Given two lists of scores, we can first calculate two permutation probability distributions from them, and then calculate the distance between the two distributions as the listwise loss function. Since the number of permutations is $n!$, however, the calculation might be intractable. [^2] To cope with the problem, we consider the use of top one probability.

[^2]: It might not be intractable to use ”permutation probability” in practice due to its complexity. Permutation probability by itself, however, is a valuable notion for the studies on learning to rank and our approach.

4.2. Top One Probability

The top one probability of an object represents the probability of its being ranked on the top, given the scores of all the objects.

Definition 5 The top one probability of object $j$ is defined as

$ P_s(j) = \sum_{\pi(1)=j, \pi \in \Omega_n} P_s(\pi). $

where $P_s(\pi)$ is permutation probability of $\pi$ given $s$.

That is to say, the top one probability of object $j$ equals the sum of the permutation probabilities of permutations in which object $j$ is ranked on the top.

One may argue that in order to calculate $n$ top one probabilities, we still need to calculate $n!$ permutation probabilities. Theorem 6 shows that we can calculate top one probability in a different way, which is efficient.

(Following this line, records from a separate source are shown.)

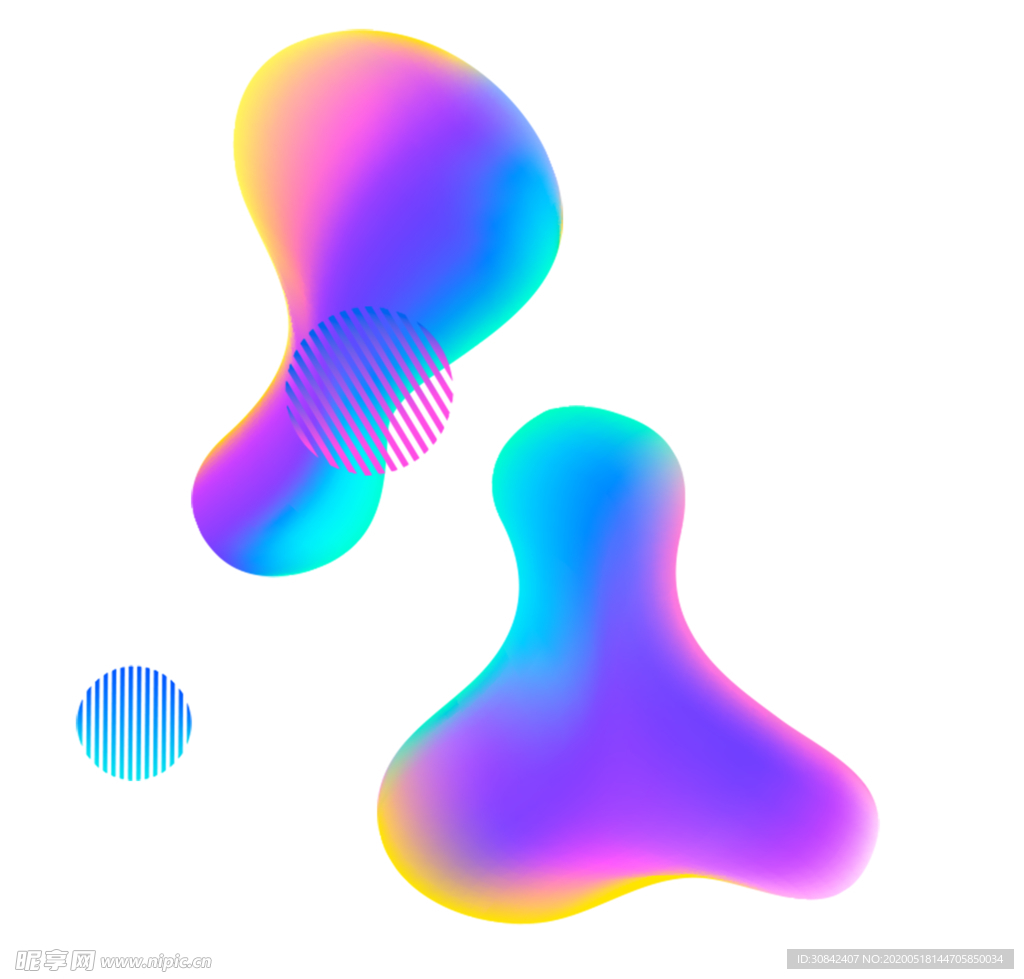 618电商年中大促创意漂浮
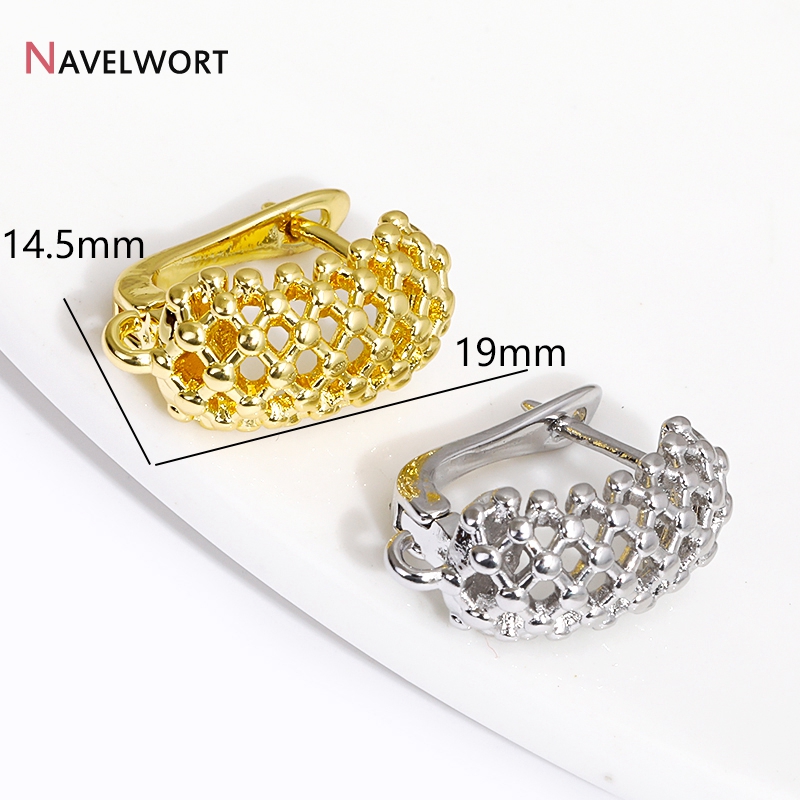 18 Ayar Altın Kaplama Pirinç O - Jewelry Making Metal incelemesi ve fiyatı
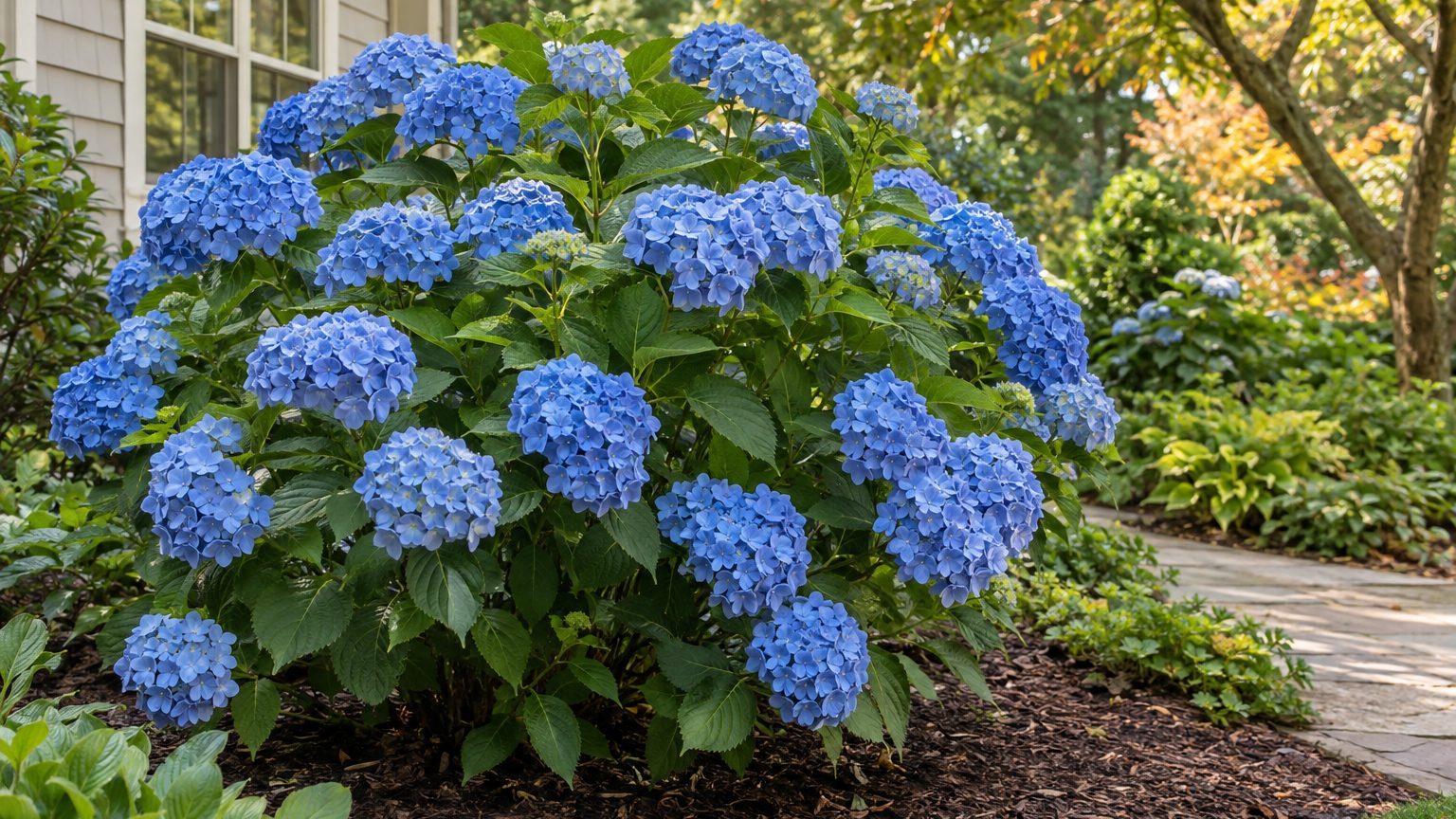 Nikko Blue Hydrangea: When to Plant the Tomatoes That Ripen All at Once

Theorem 6 For top one probability $P_s(j)$, we have

$ P_s(j) = \frac{\phi(s_j)}{\sum_{k=1}^n \phi(s_k)}, $

where $s_j$ is the score of object $j, j = 1, 2, \dots, n$.

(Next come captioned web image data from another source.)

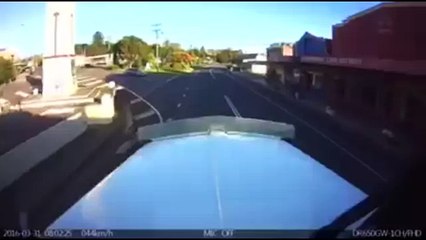 Dash Cam Owners Australia - russian trucks fail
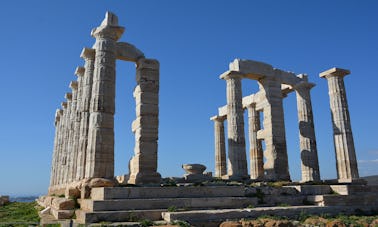 Viaje diario a la línea costera de la Riviera de Atenas: templo de Sounio con Nimbus T11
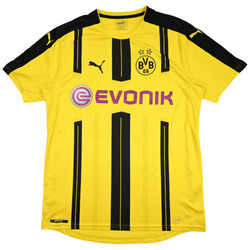 2016-17 BORUSSIA DORTMUND *PASSLACK* SHIRT L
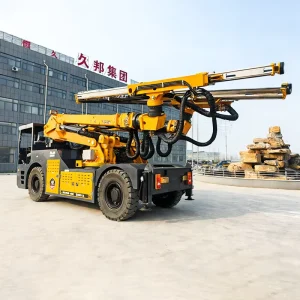 YCA05K175 T480 Portable Electric Ore Drilling Rig Engine Motor 4 Wheel Drive Max 4.5m Drilling Depth Low Maintenance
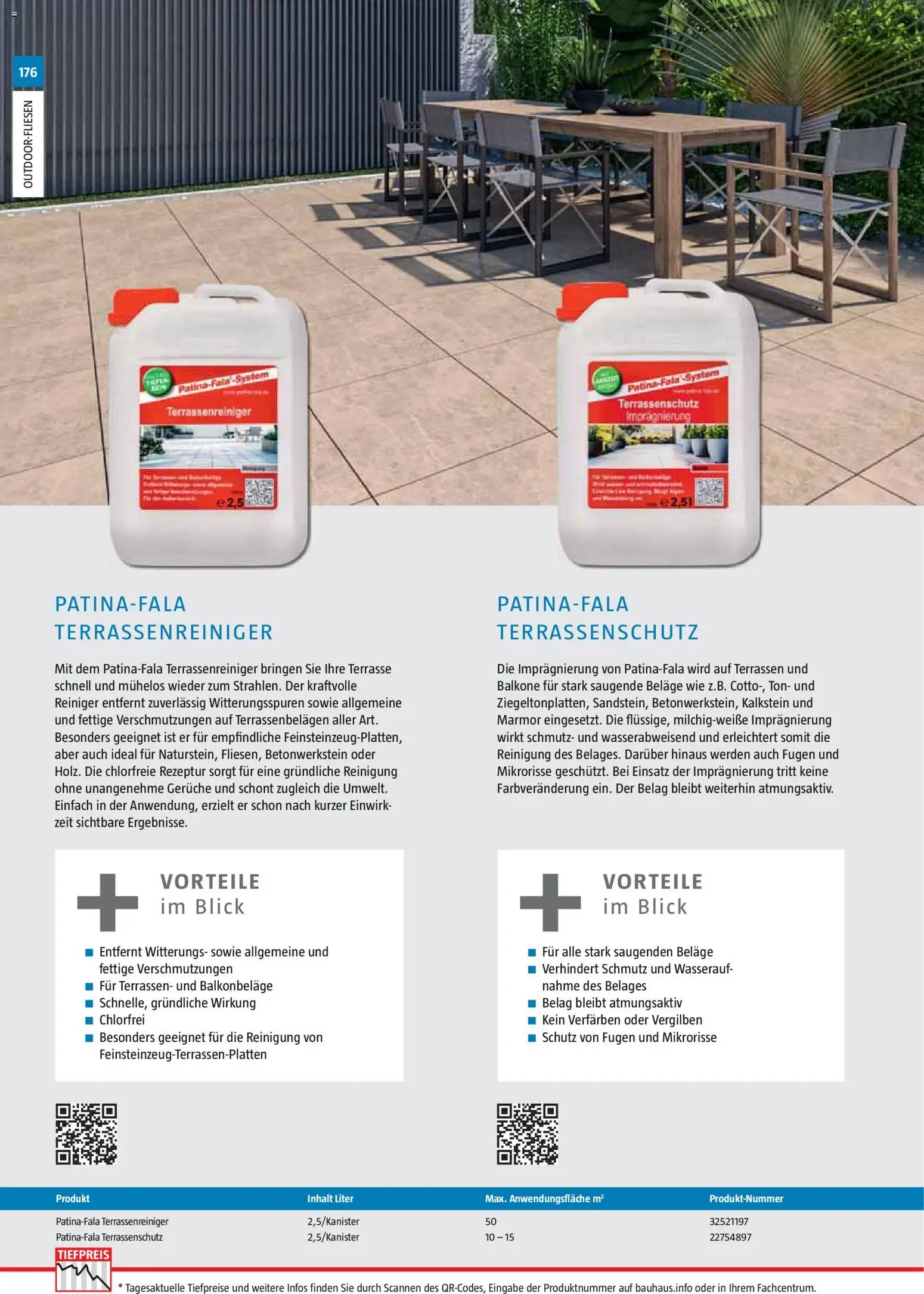 Bauhaus Gartenbaumaterialien 2026 – gültig ab 02.03.2026 | Seite: 176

Lemma 7 Top one probabilities $P_s(j), j = 1, 2, \dots, n$ forms a probability distribution over the set of $n$ objects.

Theorem 8 Given any two objects $j$ and $k$, if $s_j > s_k, j \neq k, j, k = 1, 2, \dots, n$, then $P_s(j) > P_s(k)$.

See Appendix for a proof of Theorem 6. It is easy to verify that Lemma 7 and Theorem 8 hold.

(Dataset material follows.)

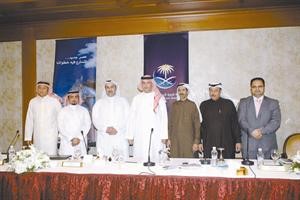 عبدالرزاق البحر متوسطا مسؤولي عالم السعودية للسياحة	كرم ذياب﻿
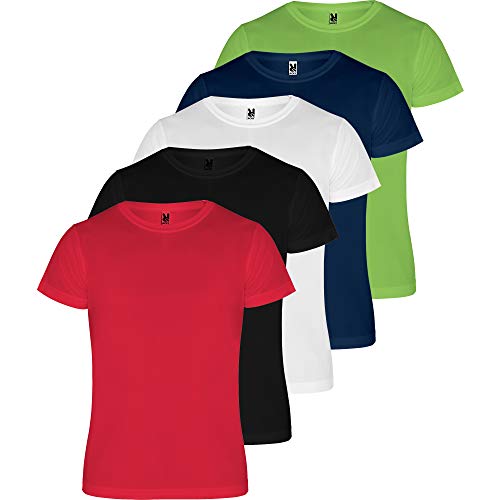 ROLY Herren T-Shirt (5 Stück) Sport | Funktionales T-Shirt für...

With the use of top one probability, given two lists of scores we can use any metric to represent the distance (listwise loss function) between the two score lists. For example, when we use Cross Entropy as metric, the listwise loss function becomes

$ L(y^{(i)}, z^{(i)}) = - \sum_{j=1}^n P_{y^{(i)}}(j) \log(P_{z^{(i)}}(j)) $

5. Learning Method: ListNet

Section Summary: ListNet trains a neural network ranking model by using gradient descent to minimize a listwise loss based on top-one selection probabilities. For any query the network first produces scores for every document; these scores are turned into probabilities with a softmax-style transform, after which cross-entropy compares the resulting distribution against the human-provided ranking distribution. The derived gradient updates the network weights, yielding an algorithm whose per-query cost scales linearly with list length and is therefore cheaper than pairwise alternatives such as RankNet.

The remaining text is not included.